Kahramanmaraş’ın kuzeydoğusunda yer alan Afşin, zengin tarihi ve kültürel mirasıyla dikkat çeken bir yerleşim yeri olarak öne çıkıyor. İlçenin tarihi, Hititler’den Roma’ya, Bizans’tan Selçuklu ve Osmanlı’ya kadar pek çok medeniyetin izlerini barındırıyor. Afşin’in bilinen en eski adı 'Arabissos' olup, Roma döneminde önemli bir askeri garnizon merkezi olarak kullanıldığı biliniyor. Bizans döneminde de stratejik konumu sayesinde önemini koruyan ilçe, Malazgirt Zaferi sonrası Selçukluların hâkimiyetine geçti. Daha sonra Dulkadiroğulları Beyliği ve Osmanlı İmparatorluğu topraklarına katılarak gelişimini sürdürdü.

Afşin, özellikle İslam dünyası açısından kutsal kabul edilen Eshab-ı Kehf Külliyesi ile tanınıyor. UNESCO Dünya Mirası Geçici Listesi’nde yer alan bu tarihi külliye, her yıl yerli ve yabancı binlerce ziyaretçiyi ağırlıyor.
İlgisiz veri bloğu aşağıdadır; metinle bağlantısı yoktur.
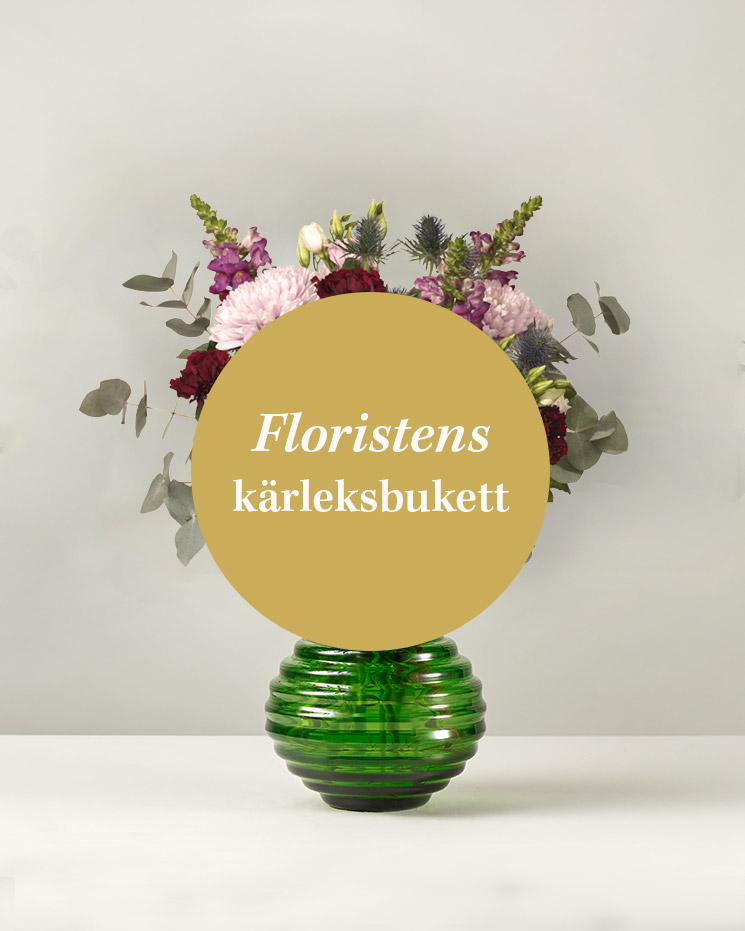 Låt floristen skapa en vacker kärleksbukett! Floristens val - kärleksbukett. Den lokala floristen skapar en romantisk bukett med tillgängliga säsongsblommor i varma, kärleksfulla färger. Blomsorter kan variera under olika säsonger och i olika blomsterbutiker.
Kuran-ı Kerim’de Kehf Suresi’nde anlatılan yedi genç ve köpeklerinin mağarasının Afşin’de bulunduğuna inanılıyor. Cumhuriyet’in ilanından sonra hızla gelişen Afşin, özellikle tarım ve enerji sektörleriyle öne çıktı. Elbistan Havzası’ndaki linyit yatakları üzerine kurulan Afşin-Elbistan Termik Santralleri, ilçenin ekonomik yapısında önemli rol oynamaktadır. Bugün Afşin, tarihi ve kültürel değerleri, doğal güzellikleri ve stratejik konumuyla Kahramanmaraş’ın en önemli ilçelerinden biri olmayı sürdürüyor.

PEKİ, AFŞİN İSMİ NEREDEN GELİYOR?

İlçenin adı, Büyük Selçuklu komutanlarından Afşin Bey’den geliyor. Türkçe kökenli bir kelime olan Afşin, 'cesur' ve 'yiğit' anlamlarını taşıyor. Bölgenin fethinde önemli rol üstlenen komutanın adı, zamanla yerleşim yerine verilerek günümüze kadar ulaştı.